Another area showing its age is Main Street, where the sidewalks are deteriorating rapidly and tree roots have heaved the sidewalks to the point that the Village crew has had to grind them down repeatedly to minimize tripping hazards. Also, some trees have died and others have outlasted their life expectancy. The village has managed to obtain two grants to cover the major portion of the cost of upgrading the Main Street sidewalks, replacing the trees, and restoring the street lamps and converting them to cost-saving LED bulbs. The first construction phase of that project will start as soon as the weather breaks. Several people have questioned the timing of the project and the need to remove the trees. No time is perfect for going through the disruption of a project like this or seeing old trees come down. This year we expect a large crowd for the Hall of Fame induction. However, a few years from now we will probably see a much larger influx of visitors for some really huge inductions. We have ensured that our contract requires the Main Street work to stop during the peak summer tourist season. Our target is to get all sidewalk work completed on the north side of Main Street prior to Memorial Day, with any uncompleted area cleaned up and accessible during the summer. The new trees will be planted as soon as the landscape subcontractor determines that they will have the best chance of survival, even if that means planting during the tourist season. The sidewalk work will start up again in the fall.

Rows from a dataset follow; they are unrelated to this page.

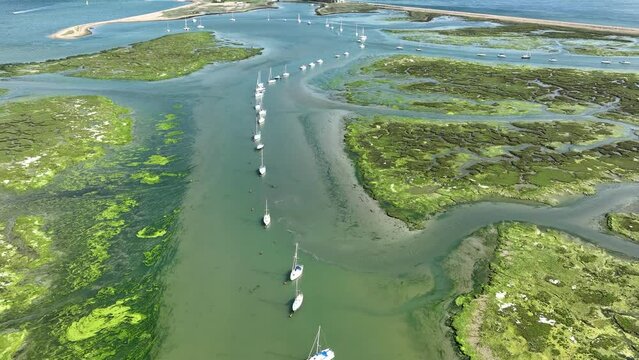 Hurst Point near Milford on Sea. Swamp and yachts. Cinematic drone flight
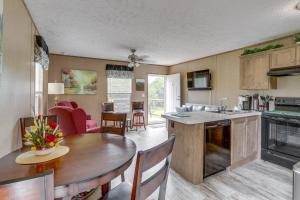 a kitchen and living room with a wooden table and a dining room at Rural Mt Olive Cabin Rental with White River View! in Melbourne +16 photos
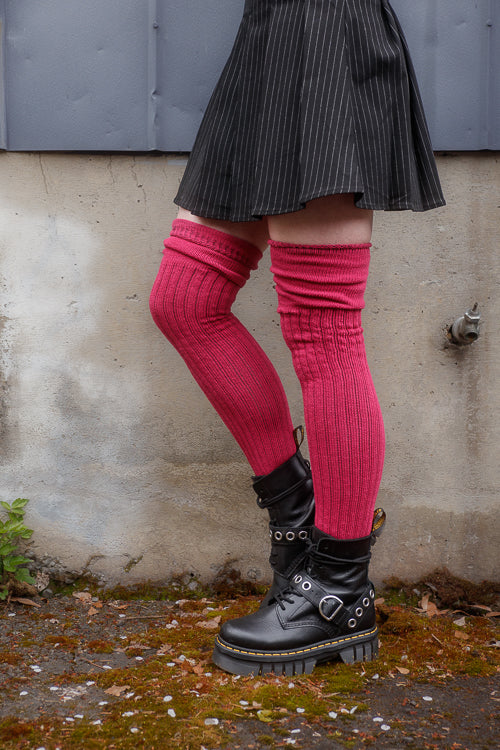 A person wearing M45 roll top thigh high socks in fuchsia
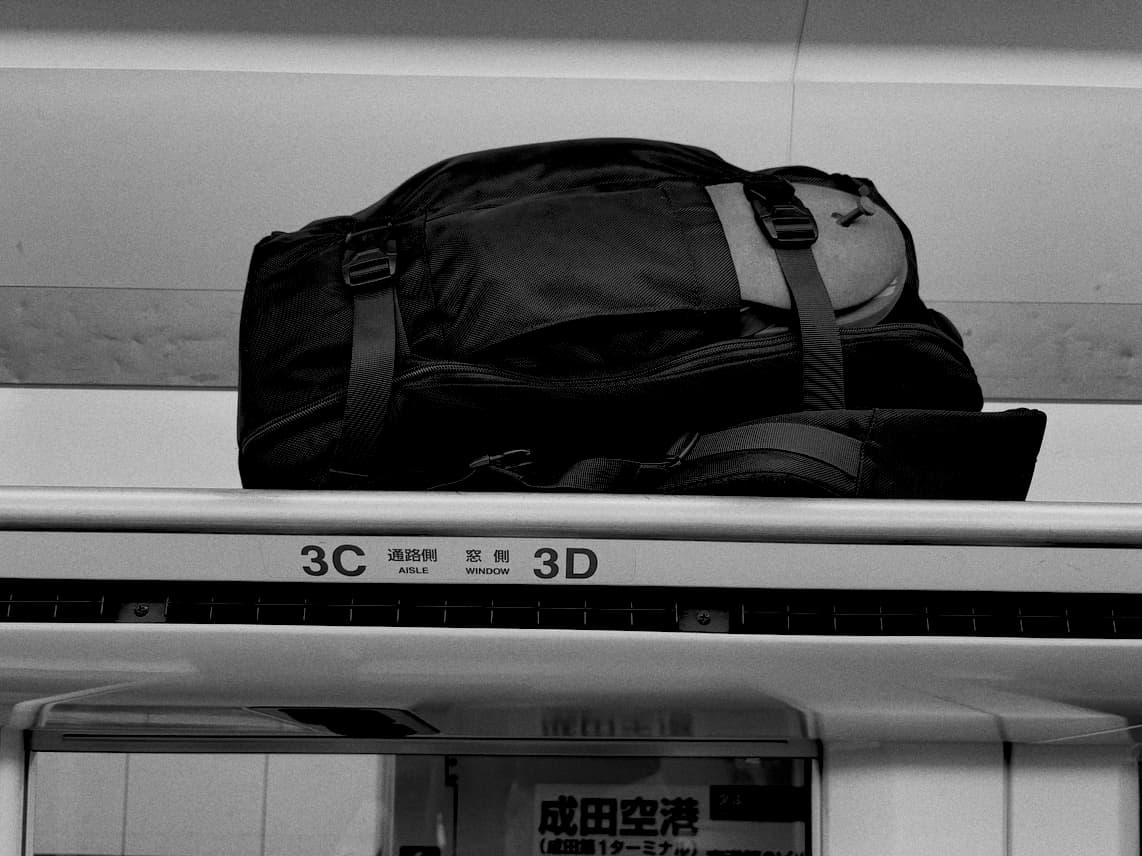 A backpack on a train shelf, which displays seat markings in English and Japanese kanji.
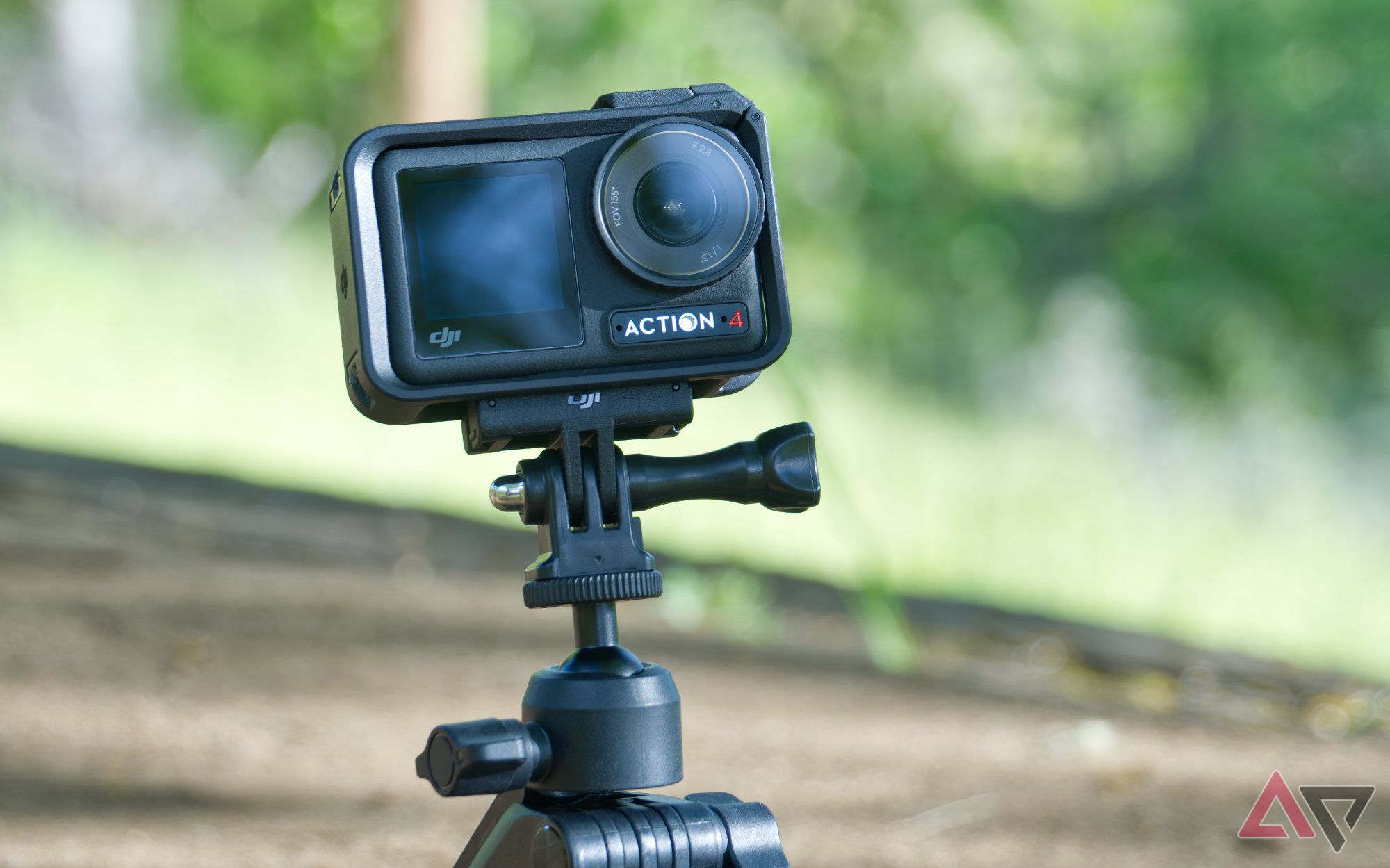 DJI Osmo Action 4 in shock-resistant case and attached to magnetic mount and tripod with forest in the background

A number of less visible aspects are involved in keeping the Village going. For instance, last year we redesigned the employee appraisal system to help make clear to employees that part of their job responsibility is to help hold down Village expenses. While a direct link between such initiatives and subsequent benefits might be difficult to prove, we have seen a reduction in the amount of salt used, and the village crew has plugged up interior vents in the Village Hall to reduce the amount of heat escaping.
Another example of behind-the-scenes work is the budgeting process currently under way. We see several opportunities to reduce costs while maintaining services, through outsourcing some activities, by streamlining some operations and possibly by sharing equipment with other municipalities. Some of these ideas are in the early stages of discussion; however, one plan that we hope to implement this year is the outsourcing of trolley operations.
We spent much of last year investigating how to replace the Village’s aging DOS-based accounting system, in terms of what software is most appropriate, who would install the new system and how we can assure backup and a smooth transition between the old and new systems. We are now ready to move ahead and will be requesting bids on the new system. In addition to streamlining the accounting process, the new system will make analyzing expenses much easier and will assist in planning beyond the next budget year.
The Village board has frequently discussed the need to improve communications with residents. We hope you have seen increased information in our local papers about upcoming projects and explanations of our infrastructure challenges. We will try to do more—in the media, online, and at Village board meetings. The board welcomes comments at public meetings and will try to respond to comments and questions raised from the floor while also ensuring that our board meetings run smoothly.
The inequitable distribution of both the sales tax (one percent to the village) and the county bed tax (zero percent) has been a sore subject for many years. With our large village infrastructure and small tax base we must continue advocating for our fair share of revenue. Recently we have been extraordinarily successful at seeking out and obtaining grant money to assist with infrastructure projects. We intend to build on this success and expand our efforts to increase funding sources.
A major factor in our seeking reelection is the common focus of the entire board of trustees on finding sensible, cost-effective solutions to the many challenges the Village faces and being an advocate for Cooperstown throughout our region. We value the commitment of our fellow board members and the cooperative atmosphere of our board and committee meetings. Even though the three of us are running unopposed, we believe support of the voters is vital to our continued efforts. We hope you will show your support by voting on March 18.